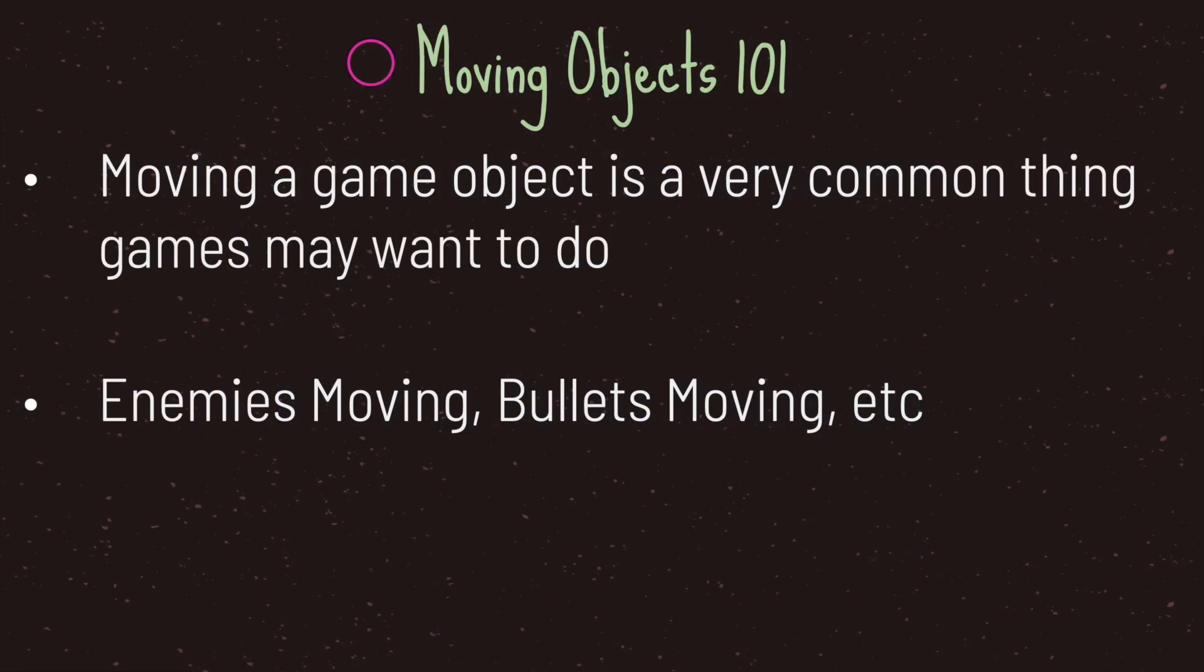Hello and welcome to another episode in the Godot Basics tutorial series. In this episode we will be taking a quick and brief look at moving a game object. Moving a game object is a very common thing games may want to do.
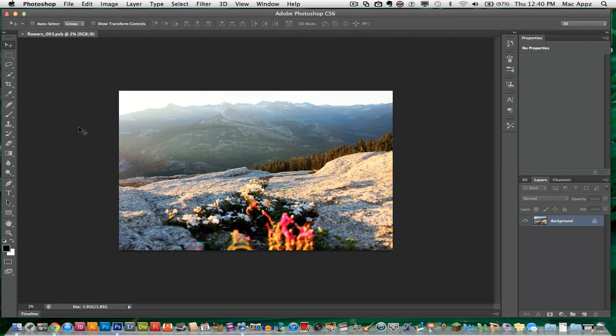Background save will allow you to save an image while working on another one. It will just go through a progress bar and save something while you're working on another project.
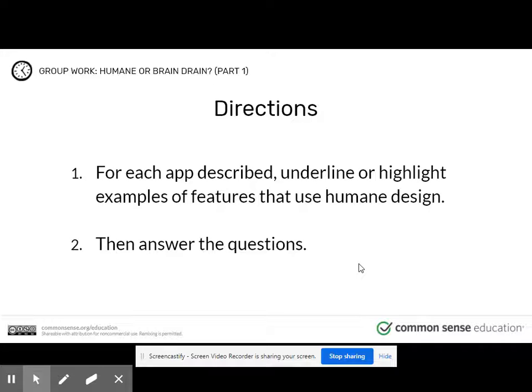You will be able to access a worksheet on Canvas. In this worksheet, you're going to look at different apps that are described. You are going to underline or highlight examples of features that use Humane Design, then answer the questions. You'll need to make a copy of the Google Doc and then you will be able to fill it out on your own.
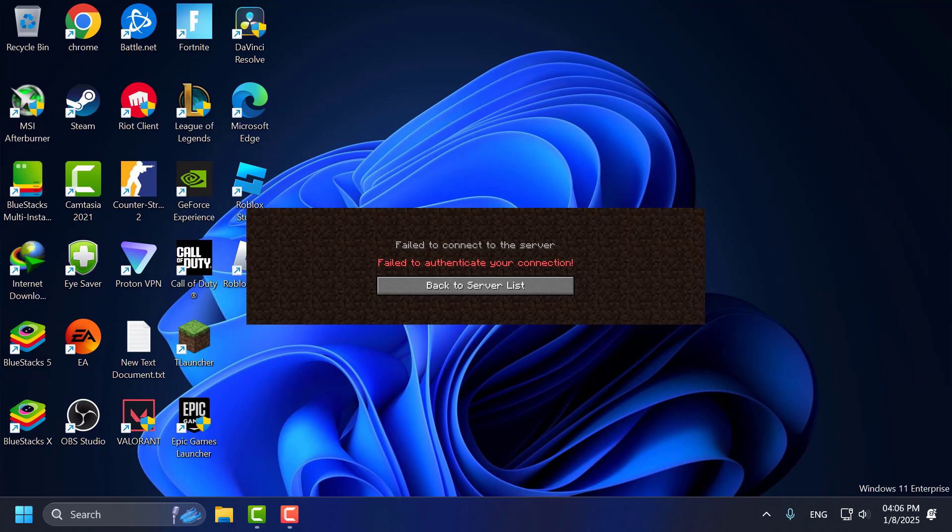Hello guys, welcome to my channel. Today we are going to see how to fix failed to authenticate your connection Minecraft T launcher. Let's fix it.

### Your objective
With the pictures omitted, give every line above again exactly.

### Task result
Hello and welcome to another episode in the Godot Basics tutorial series. In this episode we will be taking a quick and brief look at moving a game object. Moving a game object is a very common thing games may want to do.
Background save will allow you to save an image while working on another one. It will just go through a progress bar and save something while you're working on another project.
You will be able to access a worksheet on Canvas. In this worksheet, you're going to look at different apps that are described. You are going to underline or highlight examples of features that use Humane Design, then answer the questions. You'll need to make a copy of the Google Doc and then you will be able to fill it out on your own.
Hello guys, welcome to my channel. Today we are going to see how to fix failed to authenticate your connection Minecraft T launcher. Let's fix it.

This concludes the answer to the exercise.